B. Whether Defendant should be required to produce another designated Rule 30(b)(6) witness when Ms. Sanders testified that she does not recall any information regarding any investigation and preparation of USACE's 1997 104(e) responses
Having determined that Defendant's designated representative was not prepared and able to answer fully, completely, and in a non-evasive manner questions directly pertaining to Topics 70-72 on matters known or reasonably available to USACE, the Court next considers whether Defendant should be compelled to produce another Rule 30(b)(6) designee on these topics when the person who Mr. Kost referenced as having the information testified that she does not recall any information regarding any investigation and preparation of USACE's 1997 104(e) responses to EPA's Information Request. Defendant points out that Ms.
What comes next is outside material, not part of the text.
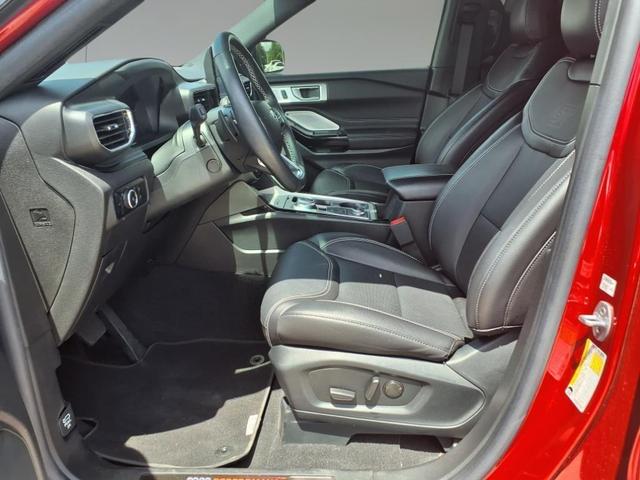 Photo of 2023 Rapid Red Metallic Tinted Clearcoat Ford Explorer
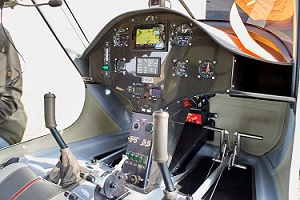 Cockpit des Alphatrainers des Aero-Club Koblenz.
Sanders was not deposed as a Rule 30(b)(6) witness. The Court infers from this that Ms. Sanders may have testified differently had she been deposed as a Rule 30(b)(6) witness rather than deposed individually. A witness testifying as a Rule 30(b)(6) designee does not give his or her personal opinion and is not limited to his or her own knowledge. Rather, "[t]he persons so designated shall testify as to matters known or reasonably available to the organization." Thus, while a witness may be able to truthfully testify that she cannot recollect information, a Rule 30(b)(6) designee is not limited to her own recollection and knowledge, but is instead subject to the collective knowledge of the entity. Because of this distinction, the Court finds that Defendant should be required to produce another Rule 30(b)(6) witness, one who is knowledgeable and prepared to fully and completely answer questions responsive to Topics 70-72.
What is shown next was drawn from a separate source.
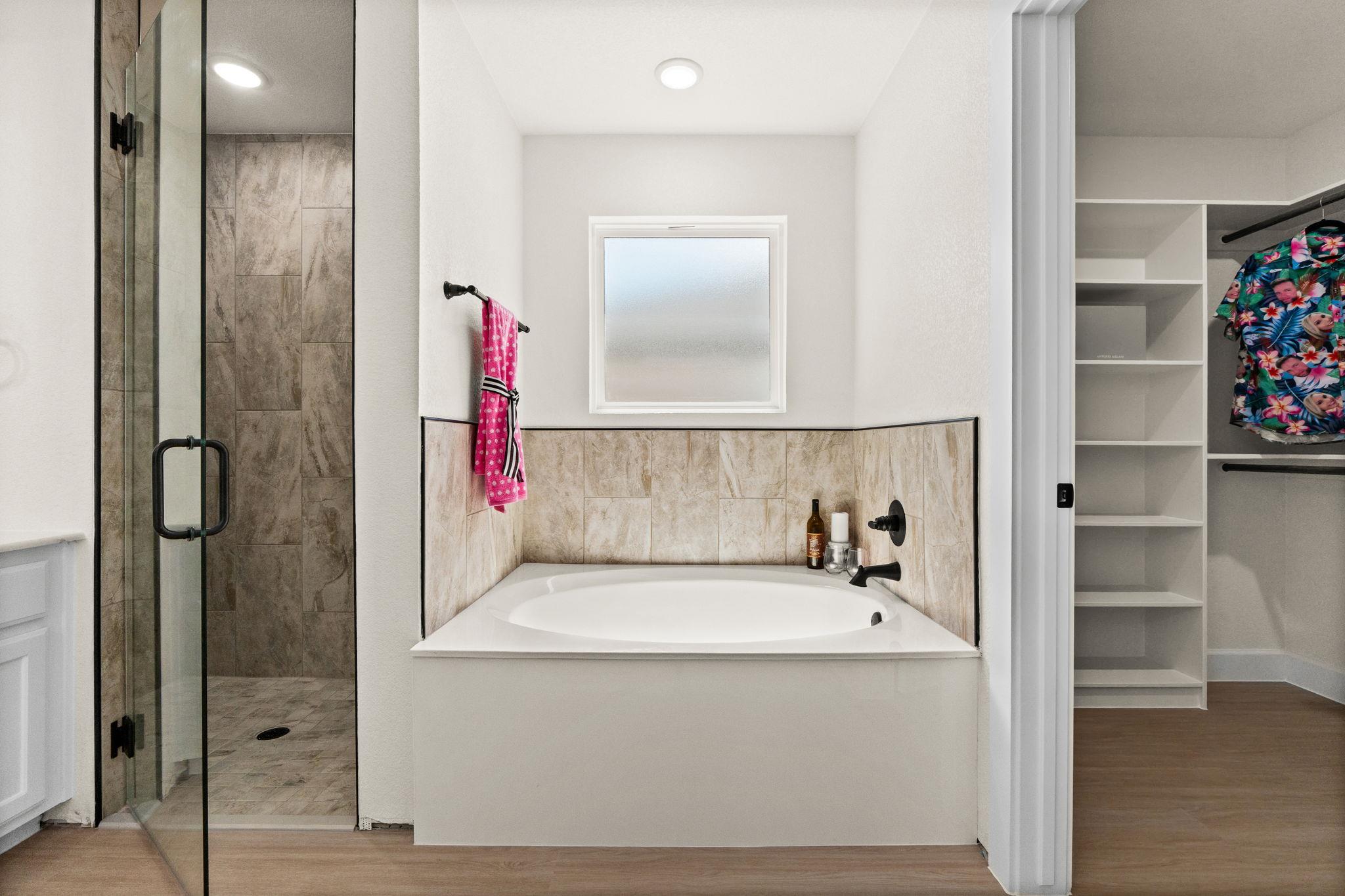 2115 Blackhawk LOOP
C. Whether Defendant should be required to produce another Rule 30(b)(6) witness when USACE, as an institution, does not appear to have the information or the information is protected from disclosure by the attorney work product doctrine
Defendant argues that it should not be ordered to produce another Rule 30(b)(6) witness on Topics 70-72 because USACE, as an institution, does not appear to have the information Raytheon seeks or the information is attorney work product and protected from disclosure. If USACE, as an institution, does not have the information Raytheon seeks, then its designated Rule 30(b)(6) representative can testify that the information sought is not known or reasonably available to USACE. With regard to Defendant's claim that the information sought is attorney work product and thus protected from disclosure, the Court finds Defendant's assertion of a work product objection is premature at this point. The Court previously found that the four areas of inquiry identified by Raytheon in seeking Ms. Sanders' individual deposition, which are very similar to Topics 70-72, did not seek privileged information. If specific questions posed during the Rule 30(b)(6) deposition call for the disclosure of information subject to attorney-client privilege or work product, then Defendant's counsel may assert privilege or work product objections at that time. IT IS THEREFORE ORDERED THAT Raytheon's Expedited Motion to Compel a Proper 30(b)(6) Witness (doc. 152) is granted, as set forth herein. Within thirty (30) days of the date of this Memorandum and Order, Defendant shall designate and produce a well-prepared witness to testify regarding information responsive to Topics 70-72 contained in Plaintiff's Rule 30(b)(6) Notice to Take Videotaped Deposition.
IT IS FURTHER ORDERED THAT each party to bear its own costs related to the motion.